His trip comes just weeks after the US Congress finally approved a $61 billion financial aid package for Ukraine after months of political wrangling, unlocking much-needed arms for the country's stretched troops.
"First this trip is to send a strong signal of reassurance to the Ukrainians who are obviously in a very difficult moment both with grinding battle on the Eastern Front but also with the Russians now expanding some cross-border attacks into Kharkiv," a senior US official, who spoke on condition of anonymity, told reporters aboard the train.
Blinken intends to detail how US aid will "be executed in a fashion to help shore up their defences and enable them to increasingly take back the initiative on the battlefield," the official said.
The White House said Monday it was doing "everything" possible to rush weapons to Ukraine.

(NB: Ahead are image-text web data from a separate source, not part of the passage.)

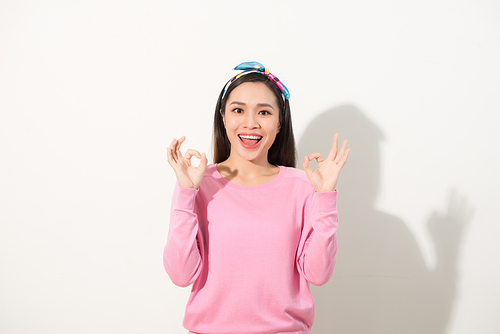 Young pretty asian woman showing OK sign with two hands. Close up portrait. Isolated on the white background.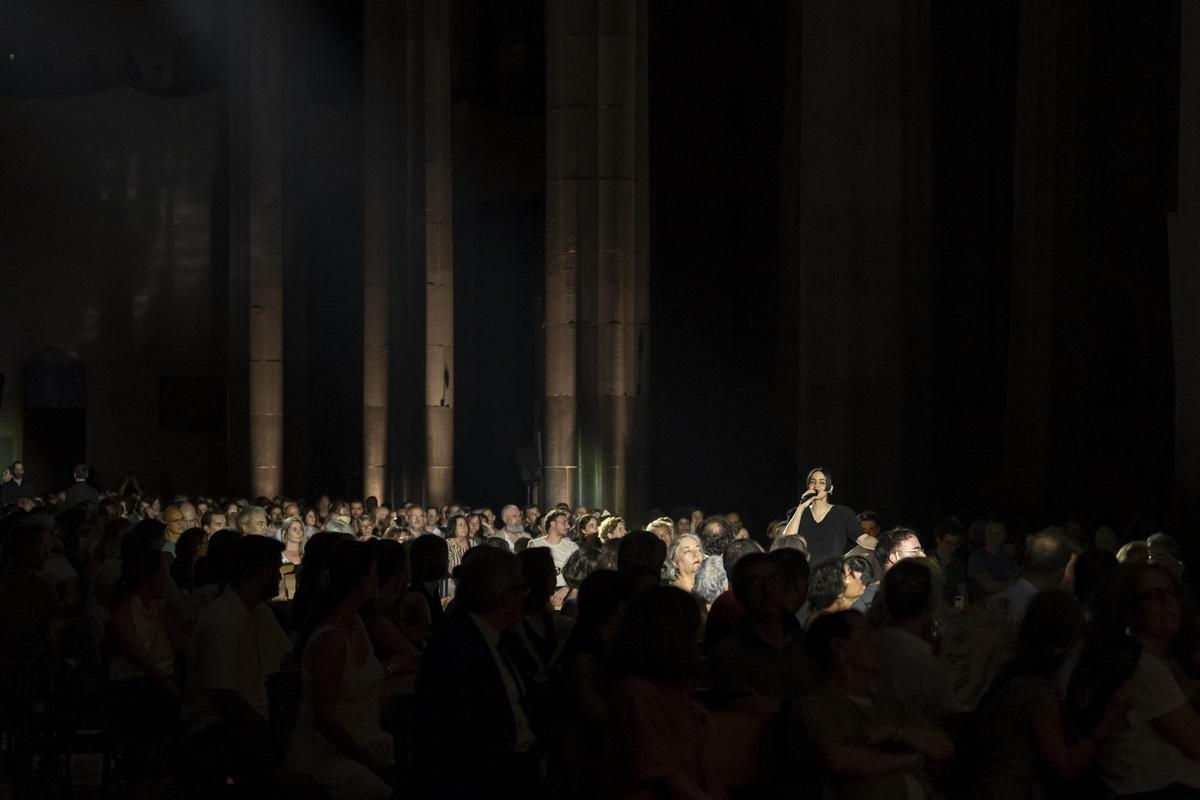 Maria Arnal canta en el pasillo de la nave central de la basílica, rodeada por el público.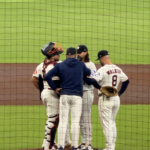 A conference on the pitcher's mound at Daikin Park.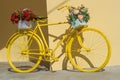 Colorful painted yellow bicycle decorated with flowers Royalty Free Stock Photo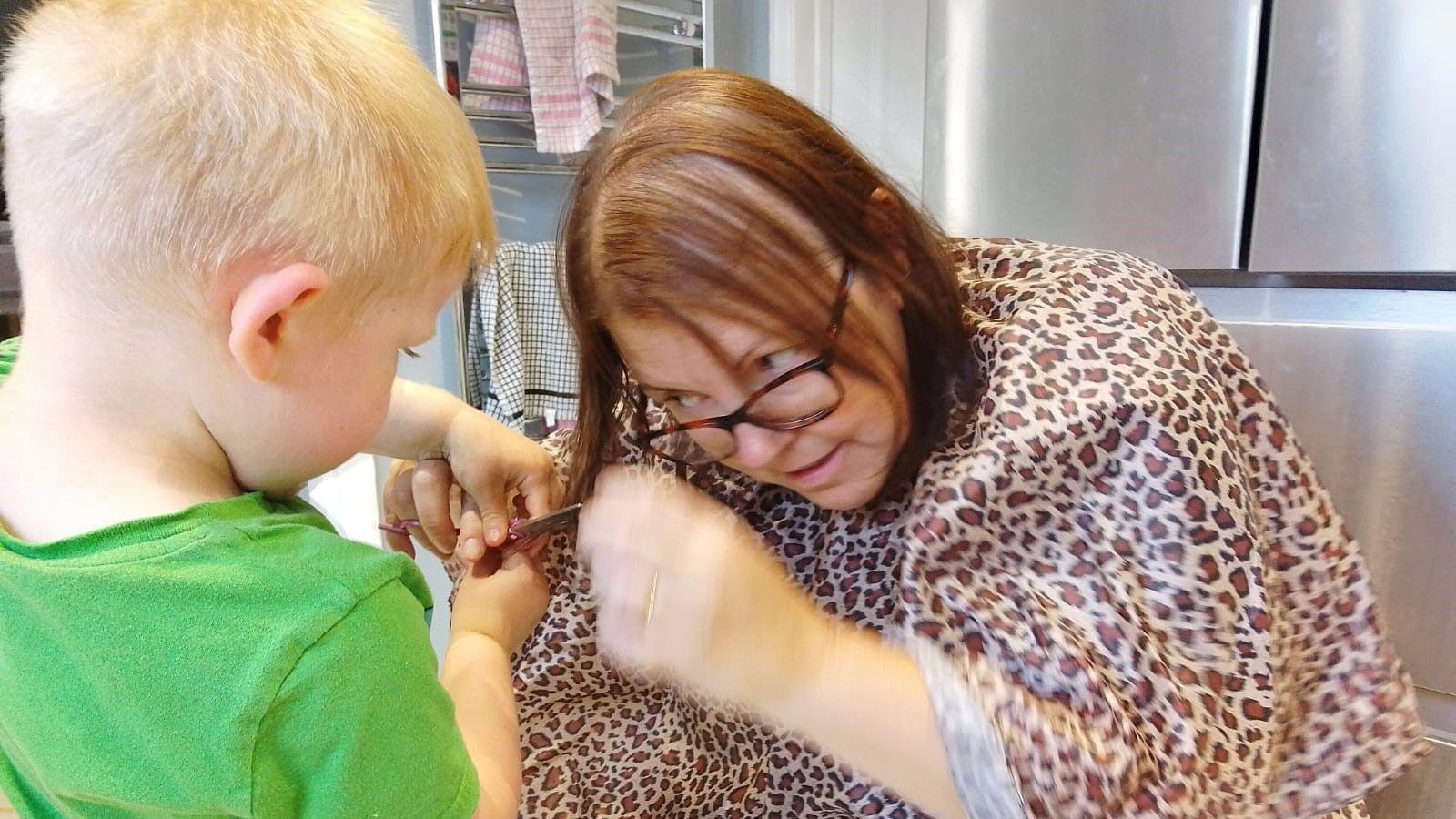 Sam, with short brown hair and wearing a leopard-print top, sitting on a chair and helping a young boy with blonde hair and wearing a green t-shirt cut her hair with scissors.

US National Security Advisor Jake Sullivan told reporters a new arms package would be announced "in the coming days."
A surprise Russian ground offensive in the Kharkiv region that has forced thousands to evacuate and pushed Kyiv to mobilise reinforcements.
The Ukrainian army acknowledged Russia was "achieving tactical success" but Zelensky stressed Kyiv had sent reinforcements to Kharkiv and that "our counterattacks are ongoing".
"We are getting more and more results, destroying the occupier's infantry and machinery," he said in a Monday evening address.
"Our task is crystal clear: to thwart Russia's attempt to expand the war".
Zelensky said Kyiv had also noted strikes and "hostile activity against (the) Sumy and Chernihiv regions" in northern Ukraine.
In the east of the country, where several areas had been subject to "intense enemy fire", Ukrainian forces had changed their positions "to save the lives of our defenders" and were planning to regroup units, the army said late Monday.
Ukraine's security council chief Oleksandr Lytvynenko said Moscow had massively upped its troop deployment for the new offensive in the Kharkiv region.
"There are a lot of Russians, quite a lot. About 50,000 were on the border. Now there are much more than 30,000 coming," he told AFP on Monday.
However, he said "we don't see any threat of assault on the city of Kharkiv", around 30 kilometres (20 miles) from the combat zone.
Russia's defence ministry said its troops had "improved the tactical position and dealt a blow to (Ukrainian) manpower" around border villages, including Lyptsi, and the town of Vovchansk.
Kateryna Stepanova, 74, who fled Lyptsi with her son, said several bombs had hit her street.
"We weren't going to leave... but now this. Thankfully, we're alive," she said, sitting in a minibus at a gathering point for evacuees.
"They are shelling the villages, firing everything they can," Sergiy Kryvetchenko, deputy head of the Ukrainian military administration in Lyptsi, told AFP.
Guided aerial bombs are falling "like rain" said one serviceman, who was resting after fending off Russian assaults in Lyptsi.
An overnight strike on Kharkiv wounded two people, regional governor Oleg Synegubov said Tuesday on Telegram.
In Russia, the defence ministry said air defences had intercepted 25 Ukrainian rockets in the Belgorod region.
Elsewhere, in the Volgograd region, freight train carriages were derailed in Kotluban station due to the "intervention of unauthorised persons," Russian news agencies said Tuesday.
No details were given about the incident or who caused it.
Kyiv did not claim responsibility but a Ukrainian advisor to the mayor of Mariupol, which was seized by Russia in spring 2022, called it "good news".
Kotluban is about 300 kilometres from the border with Ukraine, and the Volgograd region is sometimes the target of drone attacks launched by the Ukrainian army.